The Los Angeles Clippers had dispatched the Washington Wizards so easily when the two teams met back east 11 days ago that there was a tendency to feel uneasy tonight as the game wore on. The Wizards hung around and hung around, actually taking the lead periodically in the second and third quarters. But even when the Wizards were close, it felt like the Clippers were still in control. The Clippers were dominating the boards, and were getting plenty of good shots, some of which just weren't falling. Meanwhile, there was something that seemed flukey about Washington's runs to that point. John Wall was constantly walking a tight rope between a turnover and an assist, a charge and a block. It was generating points, but it couldn't last, could it?
Now, that's a dangerous way to play. You don't want to let a young team like Washington hang around. Nick Young and Jordan Crawford are streaky shooters, and that team would certainly have a puncher's chance to hit enough threes to steal a win if they were close in the fourth. You have to put them away at some point.
Sure enough, with the game tied at 66 with a little more than three minutes left in the third quarter, the Clippers asserted their will on the game. They finished the quarter on an 8-0 run, and bookended it with another 8-0 run in the fourth quarter to ice the game. Over the course of about 12 minutes of game time, the Clippers outscored the Wizards 32-14. It was a blow out all right -- it just happened late instead of early, that's all.
It certainly wasn't the Clippers best effort, but fortunately this team can get by without their best effort against a lot of teams. No single Clipper stood out as particularly dominant, but something arguably more promising for the prospects of the team happened -- the Clippers got significant contributions from a whole cast of characters.

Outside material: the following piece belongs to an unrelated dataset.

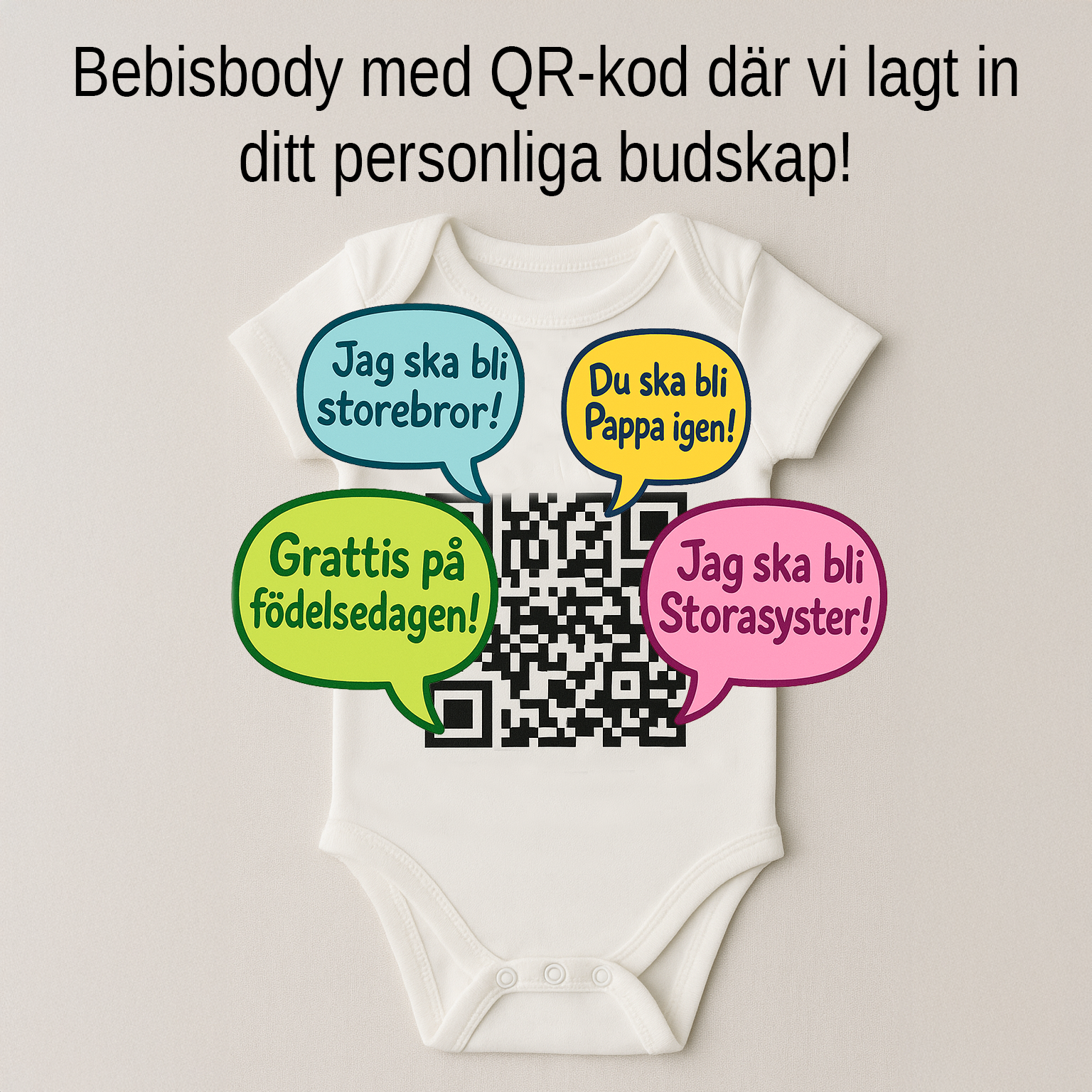 Bebisbody med QR-kod med Ditt personliga budskap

Blake Griffin finished with with 23 points and 15 rebounds, leading the team in both categories. Chris Paul had a relatively quiet 16 points and 9 assists. Caron Butler was his usual consistent self, carrying the team early and finishing with 21 points on just 11 shots, making 5 threes.

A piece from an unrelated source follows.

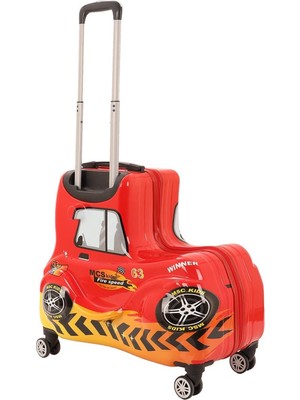 Mçs V368 Abs Arabalı Çocuk Valizi Kırmızı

But Reggie Evans and Kenyon Martin were key off the bench as well. Neither player necessarily put up huge numbers (though Reggie's 6 rebounds in just 14 minutes were noteworthy), but they played great defense, moved the ball on offense, and just generally played with an energy that the Clippers needed. LA has gone from a very thin bench at the start of the season to the point where I'm tempted to characterize the team as deep. If Eric Bledsoe can get to the point where he contributes (or alternatively if they can add one more productive player, or counterfactually if we could undo the Chauncey Billups injury) this team would have a very good second unit. As it is, if Vinny Del Negro can work out his rotations, the bench should not be killing the Clippers the way it did earlier in the season.

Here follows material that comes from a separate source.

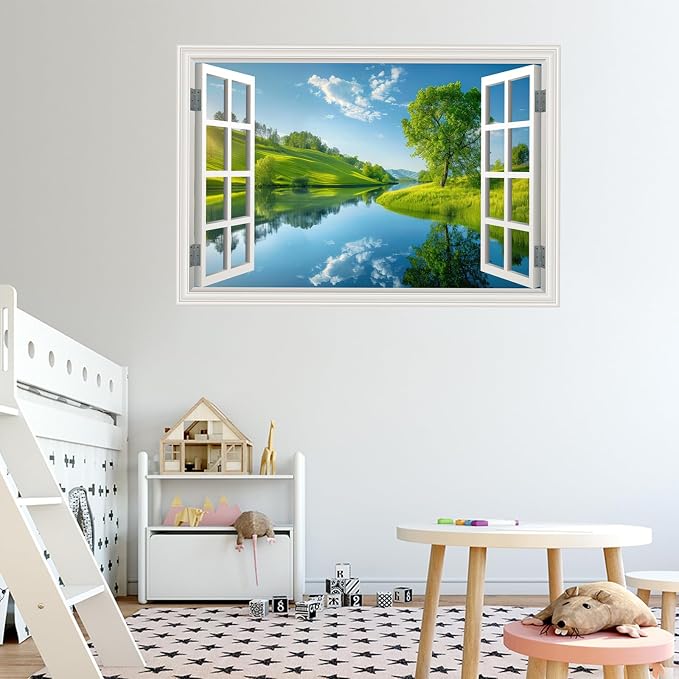 Fake Window Wall Decal- Lake Green Tree Grassland Open Wall Art Sticker | Faux Window Grassy Hills Natural Scenery Landscape Mural｜ Stick and Peel Wall Decals｜for Room Bedroom Office Decor｜24"x16" - Image 4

Working out his rotations, however, would not include playing Bledsoe at the small forward against a lineup where he has to defend Rashard Lewis. The Wizards actually play their own three guard lineup frequently, with Wall and Young and Crawford on the floor together, so VDN would get a chance to use three guards of his own at some point. Why he felt compelled to play three guards around 6'0" each (that is not just three guards, three very small guards) for two full minutes at the start of the second quarter while Washington was big -- only to then replace Bledsoe with Foye and go another three minutes with a guard defending the 6'10" Lewis -- is beyond me. The Clippers had every advantage over the Wizards in this game -- why go with experimental lineups that create disadvantages?
One player who made a contribution tonight was Randy Foye. Against Dallas on Monday, Foye was 0 for 7, and the lack of production from that spot clearly hurt the Clippers in that close loss. Tonight, he was 0 for 4 through three quarters, once against being almost completely invisible in the game to that point. But during the decisive fourth quarter, Foye scored 10 points in a three minute span, nailing two threes and four free throws. In the absence of Billups, until and unless the Clippers sign someone else, Foye must produce. The difference between the Wizards hanging around for three quarters, and the Clippers pulling away, was more or less a productive Randy Foye.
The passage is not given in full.